I work in HR compliance for a mid-size retail chain and I want to give the employer-side perspective here, because this misclassification issue is more widespread than most people realize and many employers genuinely do not understand the rules.
When I joined my current company, we had over 200 "assistant managers" classified as exempt. After conducting a proper audit with outside counsel, we reclassified 180 of them as non-exempt. The company ended up paying out approximately 2.3 million dollars in back overtime to settle potential claims before anyone filed suit. That was actually the smart move -- fighting it in court or through PAGA would have cost significantly more.
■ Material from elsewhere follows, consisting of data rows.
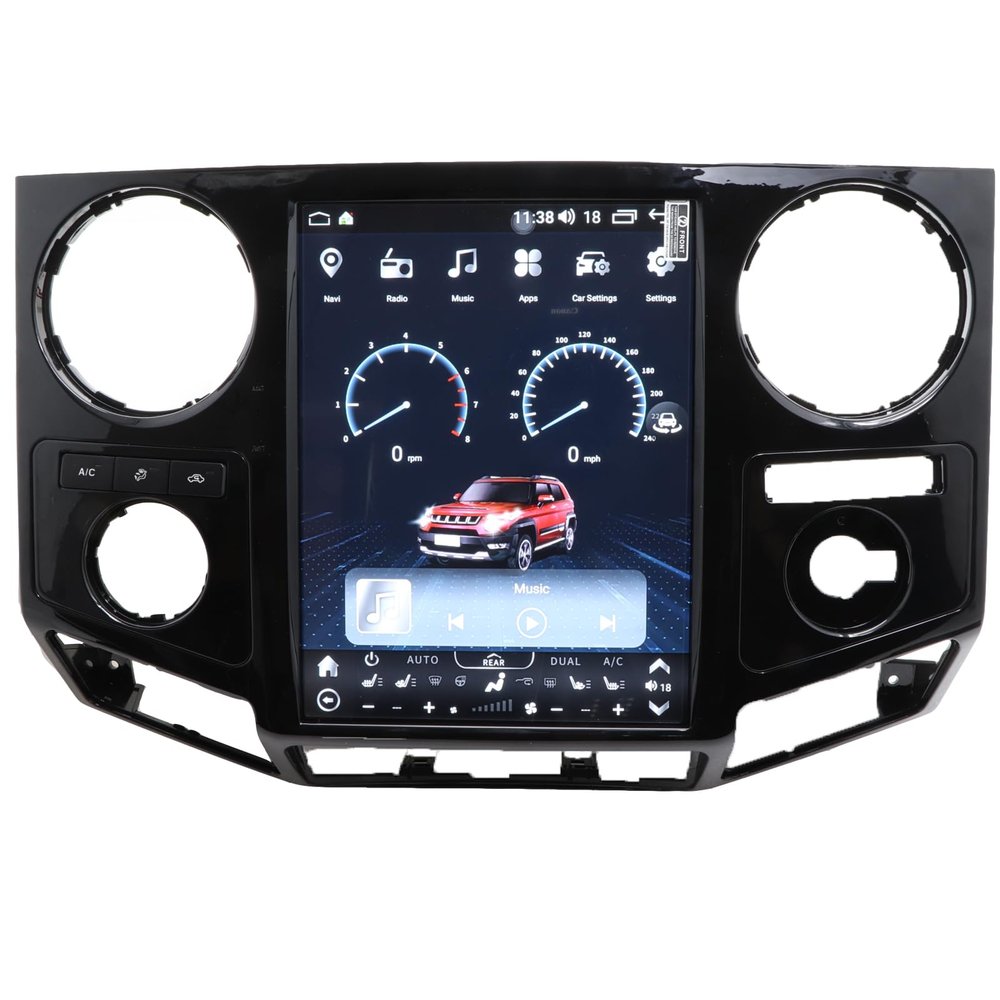 12.1" Android 13 Car Stereo for Ford F250 F350 2008-2016|8-Core 4+64GB|2K HD |CarPlay & Android Auto | 4G LTE | GPS Navigation | 11-16 Manual&Automatic AC Not Fit Sync 2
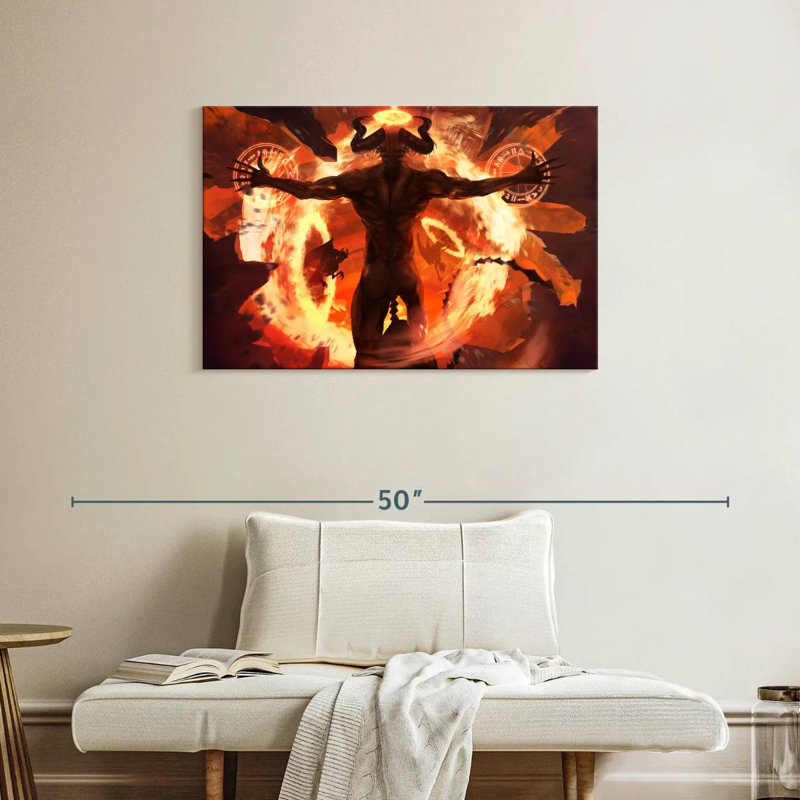 Kelan Demon, 24" H x 36" W
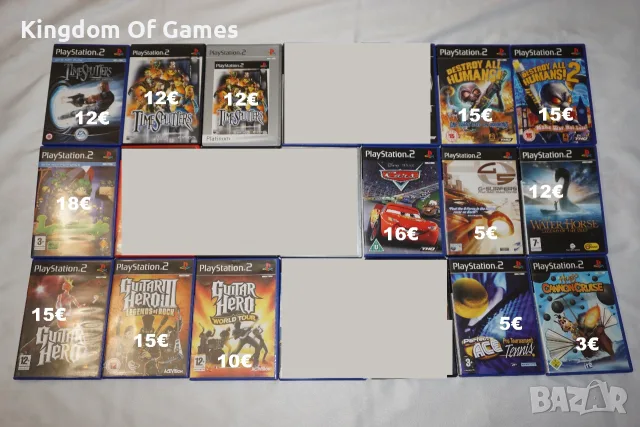 Игри за PS2 Time Splitters/Destroy All Humans 1 2/Lemmings/Cars/Water Horse/Guitar Hero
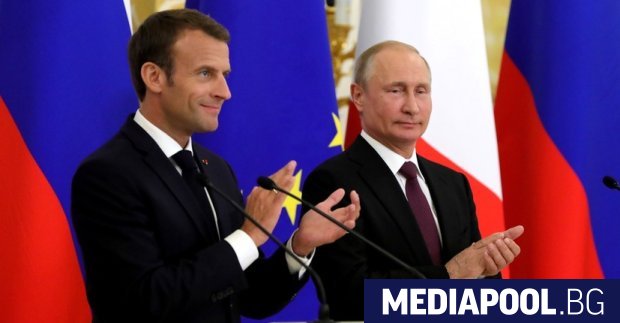 Френският президент Еманюел Макрон призова руския си колега Владимир Путин,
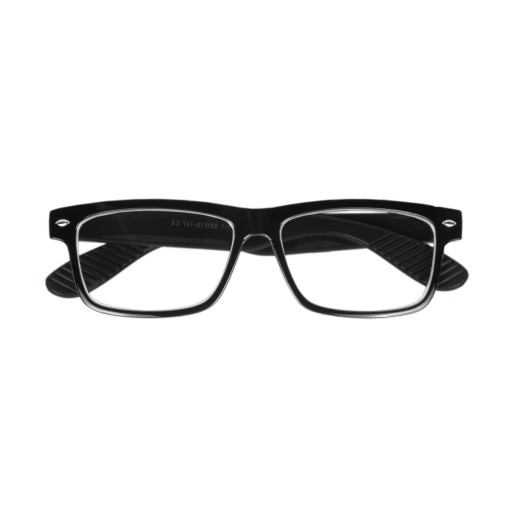 Klasické okuliare Nerd Women Men Blue Control Filter Čierne číre okuliare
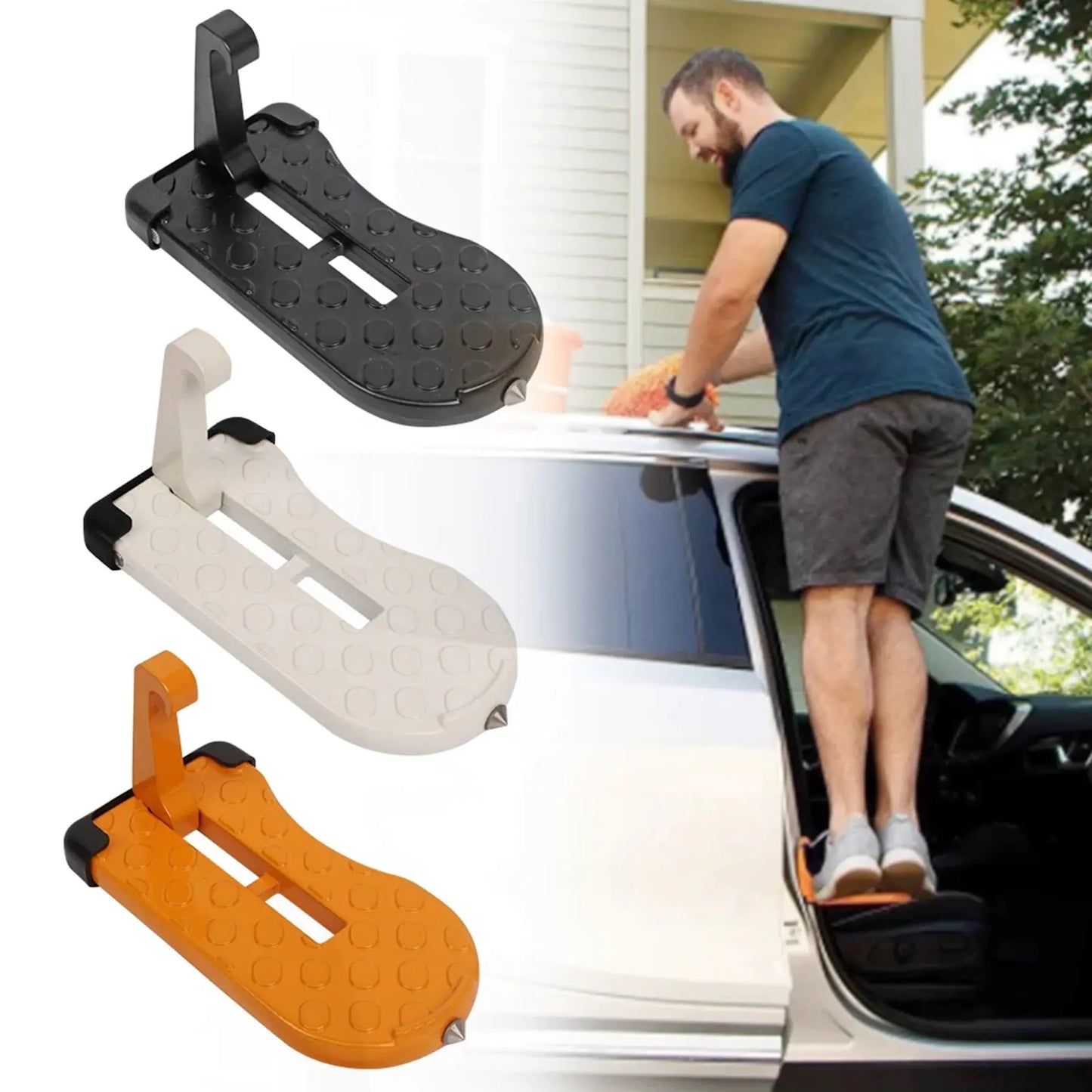 Foldable Car Door Step Pedal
The key test that most retail employers get wrong is the "primarily engaged in" standard under California Labor Code Section 515(a). California uses a quantitative test -- if you spend more than 50 percent of your time on non-exempt duties, you are non-exempt. Period. The federal FLSA uses a more flexible "primary duty" test that looks at the overall character of the job, but in California the stricter standard applies.
Red flags that almost always indicate misclassification in retail:
- The "manager" regularly works the register, stocks shelves, or handles customer complaints as their primary daily activity
- The store could not function if the "manager" only did managerial tasks
- The "manager" cannot hire, fire, or meaningfully discipline employees without approval from someone else
- Multiple "managers" in the same store doing the same work as hourly employees
@overworked_salaried_55K -- your situation is clear-cut. At 55K in California, you are below the salary threshold alone, which means you cannot be exempt regardless of your duties. But even if you made above the threshold, your actual job duties as described would fail the executive exemption test. Document your daily activities for at least two weeks and consult an employment attorney. Many take these cases on contingency because the law is so strongly in the employee's favor.